FIG. 5 is a vertical cross-sectional view showing a modified example of the friction adjusting mechanism.

Claims (4)

[Claims] 1. An elastic material having an opening 2 communicating from the outside to the inside of the gun cavity, which has a larger friction coefficient than the inner wall surface of the gun cavity below the opening 2. Covering the outside of the opening 2 with a friction member 3
By arranging a pressing member 4 elongated in the moving direction of the bullet B in the opening 2 and pressing the friction member 3 into the gun cavity through the pressing member 4, the upper part of the bullet B can be rubbed over a required length. In addition, the hop-up device for a bullet in a toy gun is characterized in that the pressing member 4 is provided with a friction adjusting mechanism 5 for variably adjusting the degree of friction. 2. The friction adjusting mechanism 5 is capable of pressing the pressing member 4 inwardly of the opening 2 in contact with the convex portion 6 provided on the outer surface of the pressing member 4 so as to project outward.
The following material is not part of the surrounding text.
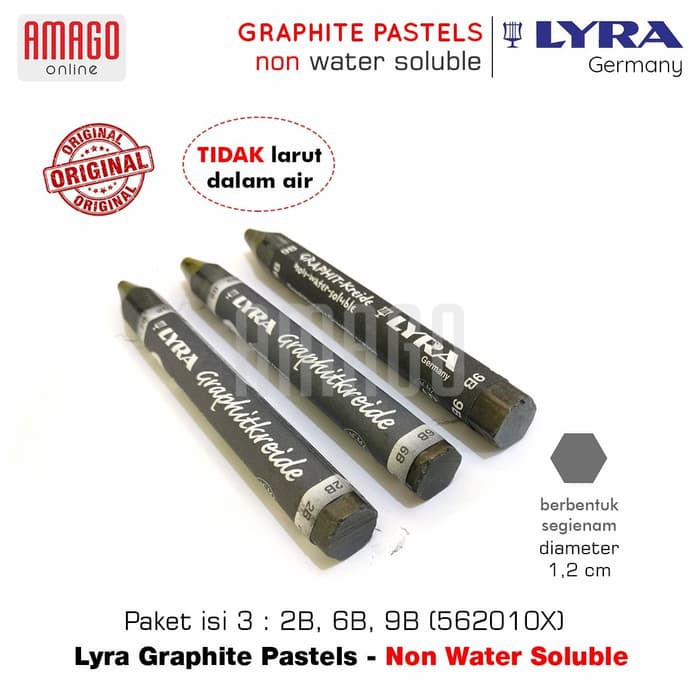 LYRA GRAPHITE PASTELS - NON-WATER SOLUBLE - PAKET ISI 3 - 2B/6B/9B - L562010X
The bullet hop-up device for a toy gun according to claim 1, comprising a cam member (8) having an inclined surface (7) and a handle (9) provided for moving the cam member (8) toward the inclined surface (7). 3. The friction adjusting mechanism 5 has a second cam surface 11 which rotates in contact with the outer surface of the pressing member 4 and can be pressed inward.
The bullet hop-up device for a toy gun according to claim 1, further comprising a cam member (12). 4. The hop-up device for a toy gun according to claim 1, wherein the friction member 3 has a structure in which the opening 2 is closed from the outside to prevent gas from leaking.